Exercise
Nothing but the pictures is dropped; write out all the remaining data below exactly.

Web page caption snippets:
● ● ● ● ●

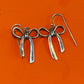 Pre-Owned James Avery Retired Sterling Silver Large Bow Dangle Drop Hook Earrings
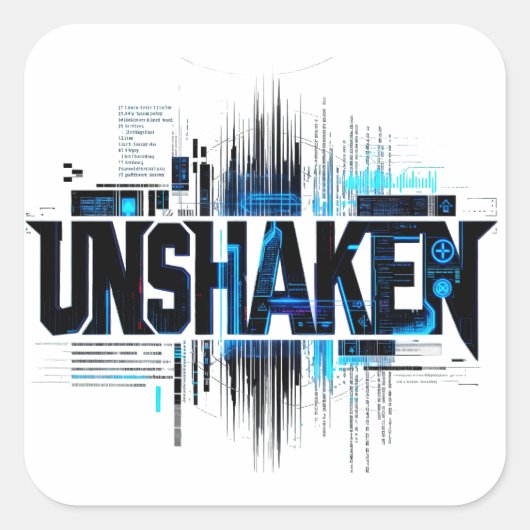 UNSHAKEN サイバーパンクステッカー スクエアシール (正面)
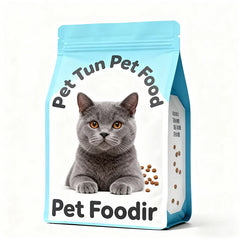 Cat Dry Food Treat Resealable Zipper Flat Bottom Dry/Pet Foil Eight Side Seal Feed Snacks Plastic Mylar Pouch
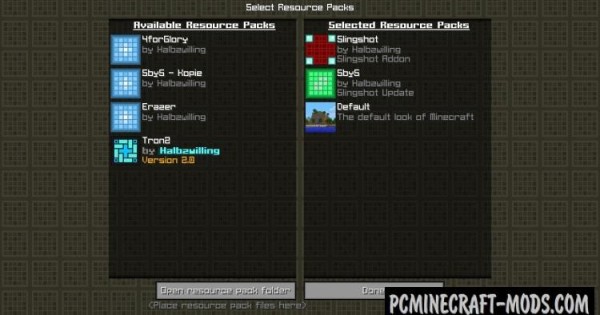 Slingshot Addon Resource Pack For Minecraft 1.8.9, 1.8.1 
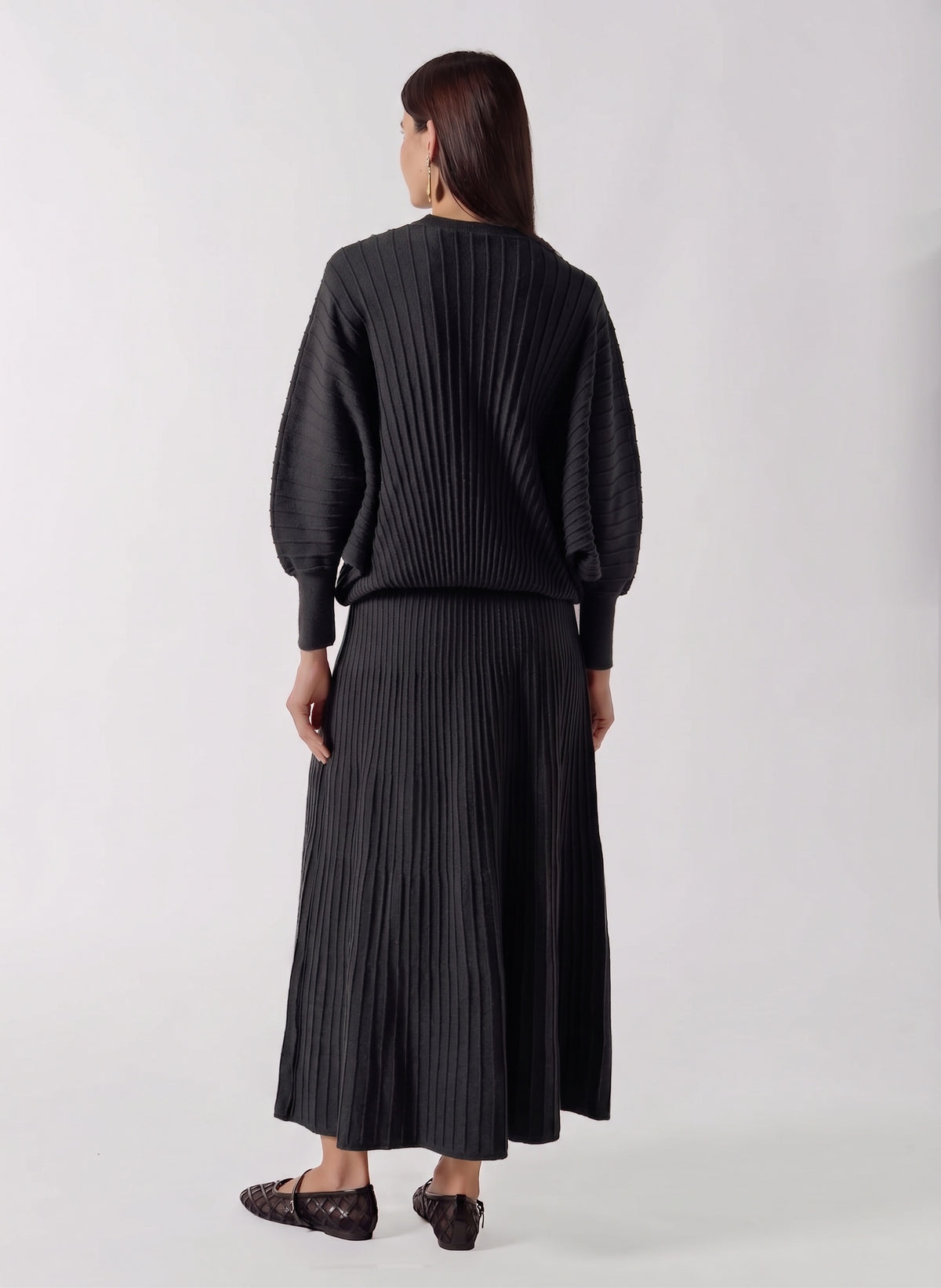 RIBBED CASHMERE BLEND SWEATER SET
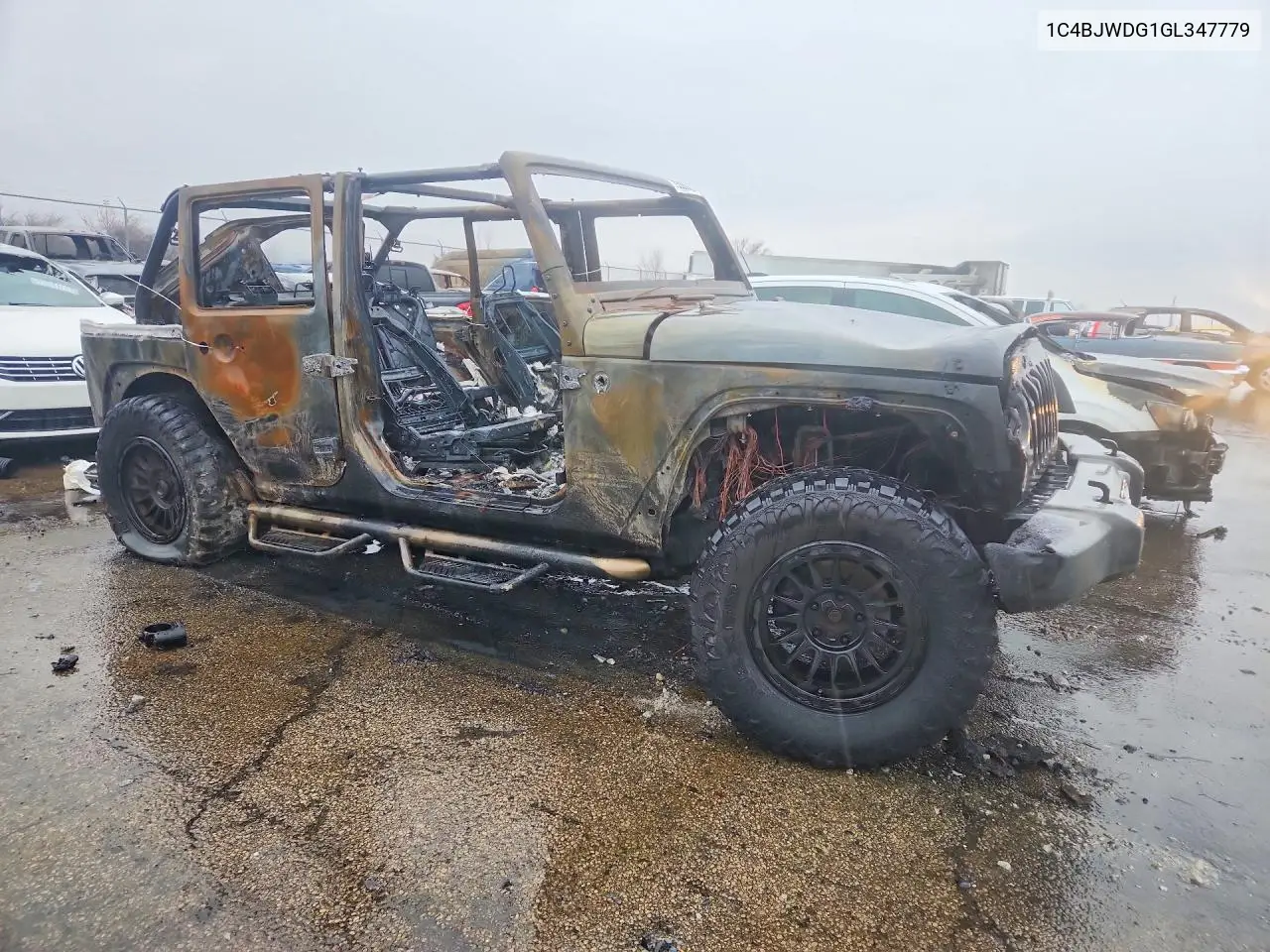 2016 Jeep Wrangler Unlimited Sport VIN: 1C4BJWDG1GL347779 Lot: 79366365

● ● ● ● ●

Answer section
 Pre-Owned James Avery Retired Sterling Silver Large Bow Dangle Drop Hook Earrings
 UNSHAKEN サイバーパンクステッカー スクエアシール (正面)
 Cat Dry Food Treat Resealable Zipper Flat Bottom Dry/Pet Foil Eight Side Seal Feed Snacks Plastic Mylar Pouch
 Slingshot Addon Resource Pack For Minecraft 1.8.9, 1.8.1 
 RIBBED CASHMERE BLEND SWEATER SET
 2016 Jeep Wrangler Unlimited Sport VIN: 1C4BJWDG1GL347779 Lot: 79366365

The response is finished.